# Summer's Journey To Being Mine



## TripleChrome (Jun 5, 2014)

^^This is Summer, the day I got her after I got home from buying her. Here, I will tell you her story, and give updates on her every day.

July 1st, 2014
Jus a normal day at PetSmart, right? I was jus going in with my parents to get cat food and aquarium salt for my boy Leo. I looked at the bettas, and saw a little female baby betta. The cutest thing ever, but I was saving my money up for a bigger tank for Leo. While we were getting the aquarium salt for Leo, I heard a 5 year old-ish boy say "Oh my god 'it's' so adorable and tiny' to his mom, who said, " No, you are not getting that fish. Bettas are mean and nasty stupid fish". So, the little boy starts walking with his mom, the fish in his hand, turning her cup over and over every five minutes. I told my parents I was going to the restroom, but I only said that because I was going to follow that kid and his mom to get te fish away from him. Finally, he saw that dogs were up for adoption in the back near the dog food. He slammed the betta down on dog food bags. So, naturally, I ran over and picked her up. Because of the kid dumping her over and over, she had only enough water to swim around in, but not a full cup like the water usually is. I ran over and got betta water, got my money out, paid for the betta an the betta water, poured the betta water in the cup and carriered her over to my parents, who were just getting back with the cat food. They said "oh no, not another betta that you paid for", only because I didn't have a tank for her, but I put her in a gallon bowl with a silk plant out of Leo's tank. He had an extra. The betta later became Summer, as picked by my friend between the names Paris, Sydney, Autumn and Summer.

July 2nd, 2014
This day, I went to Walmart and got Summer a one gallon tank, until I can get hr a bigger one. Ever since, she has been living happily in that tank.

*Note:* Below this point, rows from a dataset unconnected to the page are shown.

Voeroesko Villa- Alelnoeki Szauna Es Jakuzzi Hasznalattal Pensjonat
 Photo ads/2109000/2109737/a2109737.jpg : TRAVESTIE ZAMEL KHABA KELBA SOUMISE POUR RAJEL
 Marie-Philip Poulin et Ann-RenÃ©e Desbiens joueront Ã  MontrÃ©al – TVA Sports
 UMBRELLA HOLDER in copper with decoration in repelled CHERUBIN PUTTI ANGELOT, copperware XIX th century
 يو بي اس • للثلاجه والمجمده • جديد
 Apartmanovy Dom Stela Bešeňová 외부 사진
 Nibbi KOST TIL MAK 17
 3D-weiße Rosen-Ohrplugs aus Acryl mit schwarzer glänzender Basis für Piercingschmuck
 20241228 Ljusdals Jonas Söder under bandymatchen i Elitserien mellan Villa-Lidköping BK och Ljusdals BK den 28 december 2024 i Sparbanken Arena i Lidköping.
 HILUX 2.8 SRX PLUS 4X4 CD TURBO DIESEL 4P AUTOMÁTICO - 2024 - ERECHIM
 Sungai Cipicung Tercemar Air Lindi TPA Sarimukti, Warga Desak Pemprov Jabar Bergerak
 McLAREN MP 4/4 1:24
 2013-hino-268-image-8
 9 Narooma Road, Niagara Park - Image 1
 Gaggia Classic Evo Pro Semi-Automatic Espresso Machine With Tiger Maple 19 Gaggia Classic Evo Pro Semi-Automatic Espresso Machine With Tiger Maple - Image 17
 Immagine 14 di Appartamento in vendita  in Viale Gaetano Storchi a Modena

All the way to today, August 9th, 2014
Summer is still doing perfectly fine. She has seemed to forget about that dreadful day.


----------



## myexplodingcat (Apr 9, 2014)

Aww, poor sweetie. Good thing you picked her up!


----------



## Alaura123 (Jul 4, 2014)

She is a cutie! poor girl is lucky you found her!


----------



## hrutan (Jun 25, 2014)

Ugh, parent fail. I'm glad you were able to take her.


----------